The Monkees TV Show Debuts
The Monkees TV show makes its debut, with four actors chosen to portray a pop band based on The Beatles. While The Monkees are a fictional band, they become very real and eventually play on their own recordings instead of studio musicians.
It all started with an ad in Variety seeking "Four Insane Boys, Ages 17-21" to star in a new NBC-TV sitcom. Answering the call among 400 other hopefuls are two folkies (Mike Nesmith and Peter Tork), an English actor (Davy Jones) and a former child star (Micky Dolenz). Together they are the Monkees, an aspiring rock 'n roll band bumbling their way to their big break one zany adventure at a time. And they're too busy singing to put anybody down.
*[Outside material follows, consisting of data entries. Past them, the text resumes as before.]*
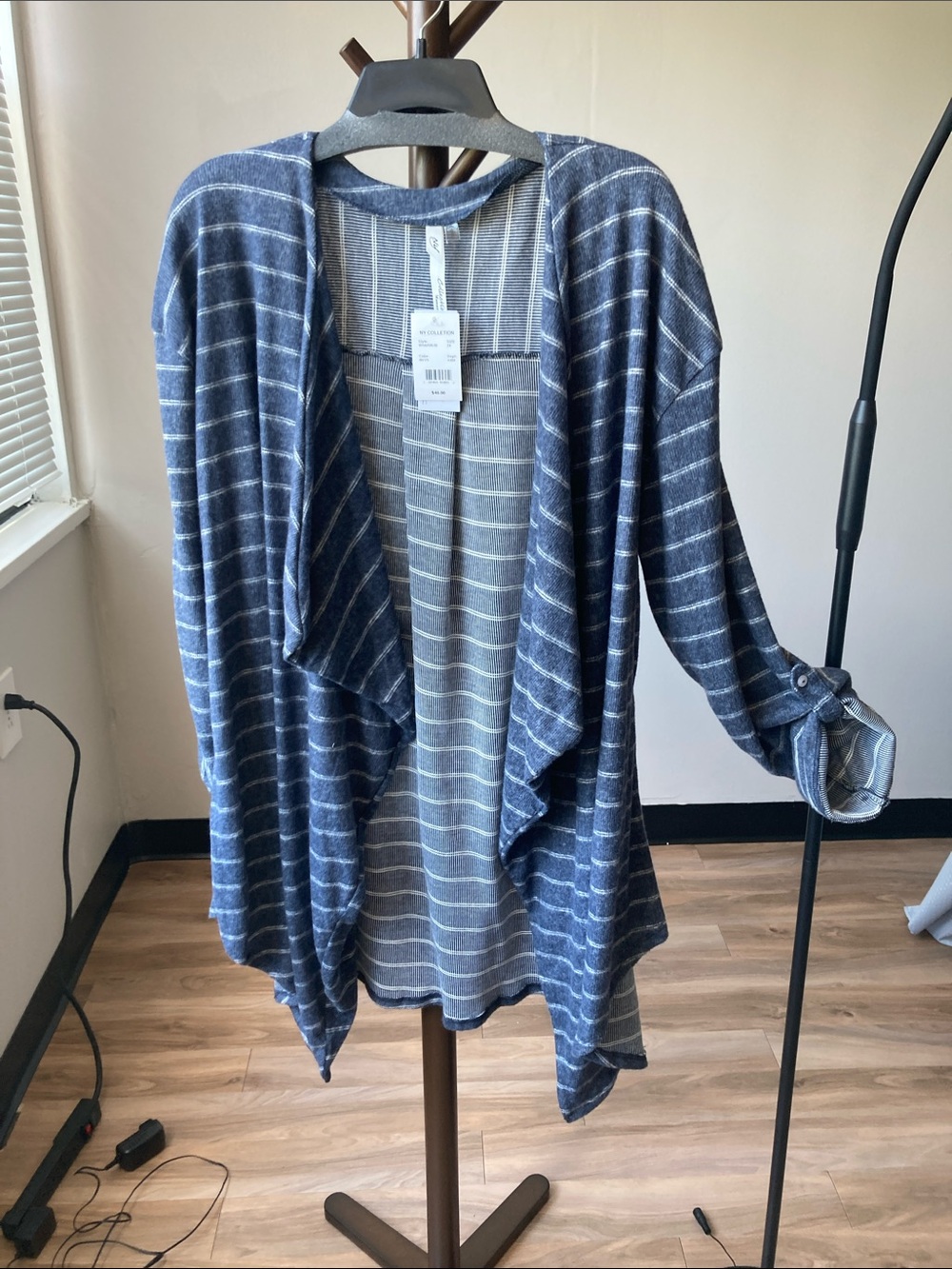 NY Collection stripes print open front top boho casual business casual 2X - Picture 10 of 17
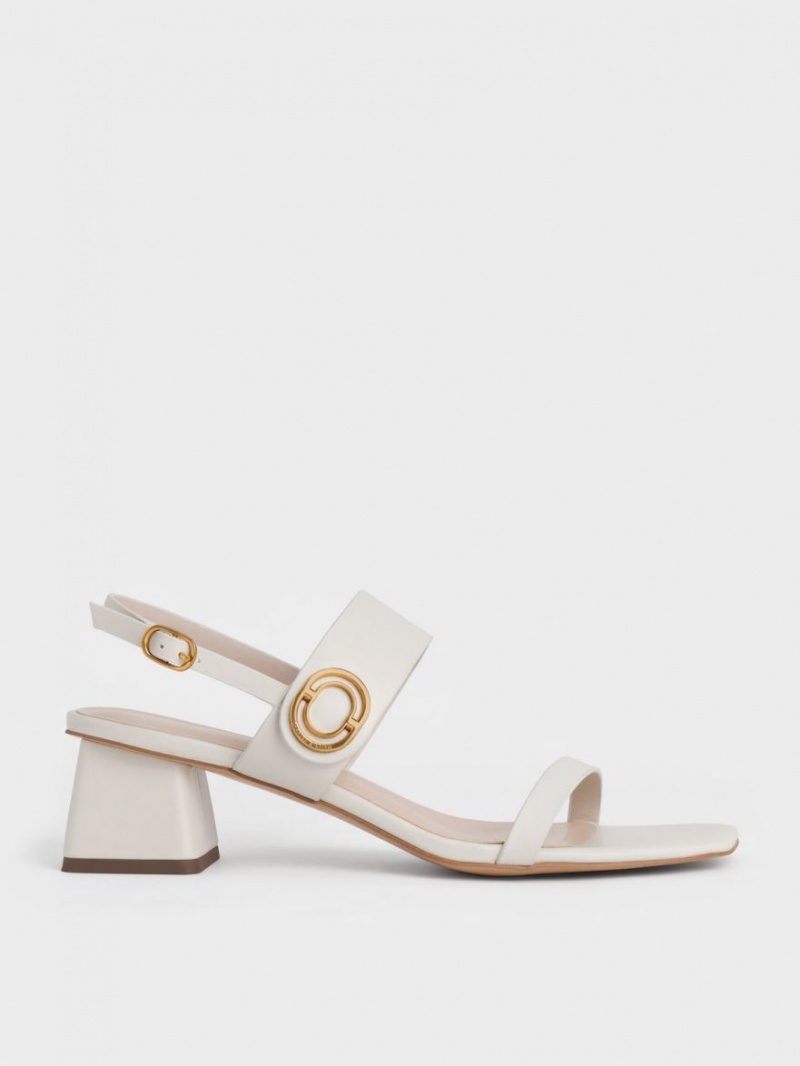 σανδαλια με τακουνι Charles And Keith Metallic Accent Trapeze ασπρα | 51687-SZIV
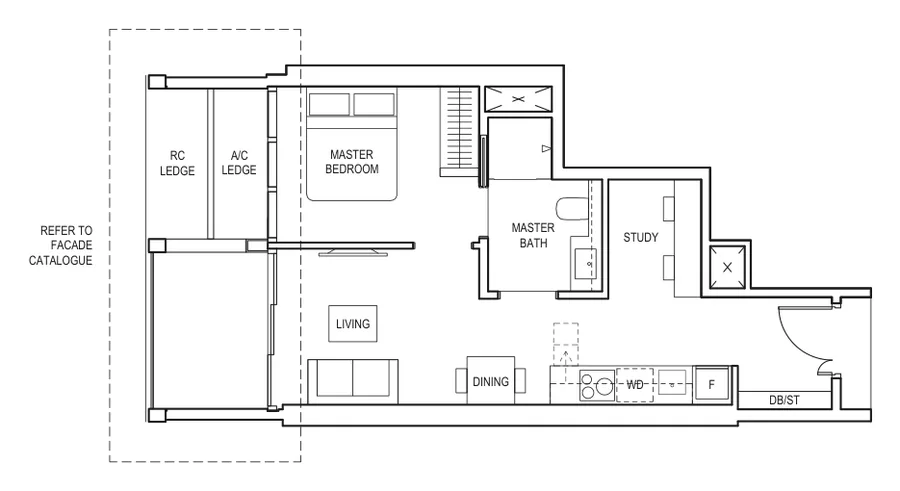 Floor plan of Canninghill Piers type AS2a / AS2a(p), 1-Bedroom + Study, 538 sq ft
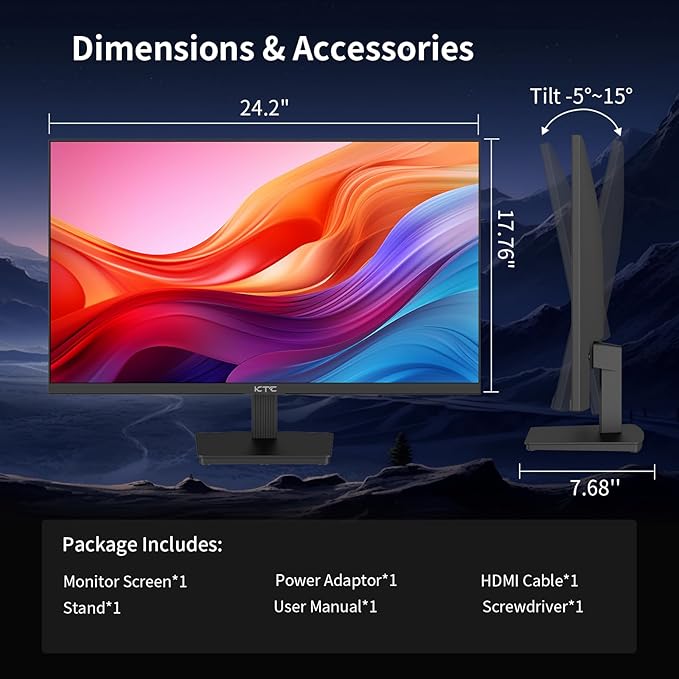 KTC 27 Inch 4K UHD(3840 * 2160) Computer Monitor - IPS Monitor, 60hz, HDR400, Anti-Blue Light Screen, DCI-P3 95% 125% sRGB, Support FreeSync and GSync, PC Monitor for Design, Work,Casual Gaming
Inspired by the prat-falling 1964 Beatles movie A Hard Day's Night, filmmakers Bob Rafelson and Bert Schneider wanted to exploit a youthful audience already enthralled with Beatlemania. Sunny Monkees tunes soon begin climbing the charts alongside the Fab Four, with "Last Train To Clarksville" and "I'm A Believer" landing at #1. Fans are startled to learn, however, that there are more than four Monkees in the barrel. Don Kirshner, future creator of The Archies, oversees the music while songwriters Tommy Boyce and Bobby Hart write the songs. The instrumentals are almost entirely played by studio musicians, while at least one Monkee provides vocals. "At the same time, we were the Monkees," Tork explained to When The Music Mattered in 1982. "It was a unique phenomenon, to be a member of a group that wasn't really a group and yet was a group. If we'd been a group, we would have fought to be a group or we would have broken up as a group. But we were a project, a TV show, a record-making machine." At the height of their success, the Monkees are derided as a plastic, prefabricated, Beatles-wannabe band without any real substance. In response, the group ousts Kirshner in favor of former Turtles bassist Chip Douglas and announces their intent to write and play their own music. The result is another #1 album, Headquarters, followed by the chart-topping Pisces, Aquarius, Capricorn & Jones Ltd. The Monkees, which garners an Emmy win for Outstanding Comedy Series, ends its two-season run in 1968, but the now-legitimate band continues to perform until 1971. In 1986, MTV celebrates the group's 20th anniversary with a marathon of the series, sparking a resurgence of Monkeemania. The group embarks on a reunion tour and lands a record-breaking six albums on the Billboard 200.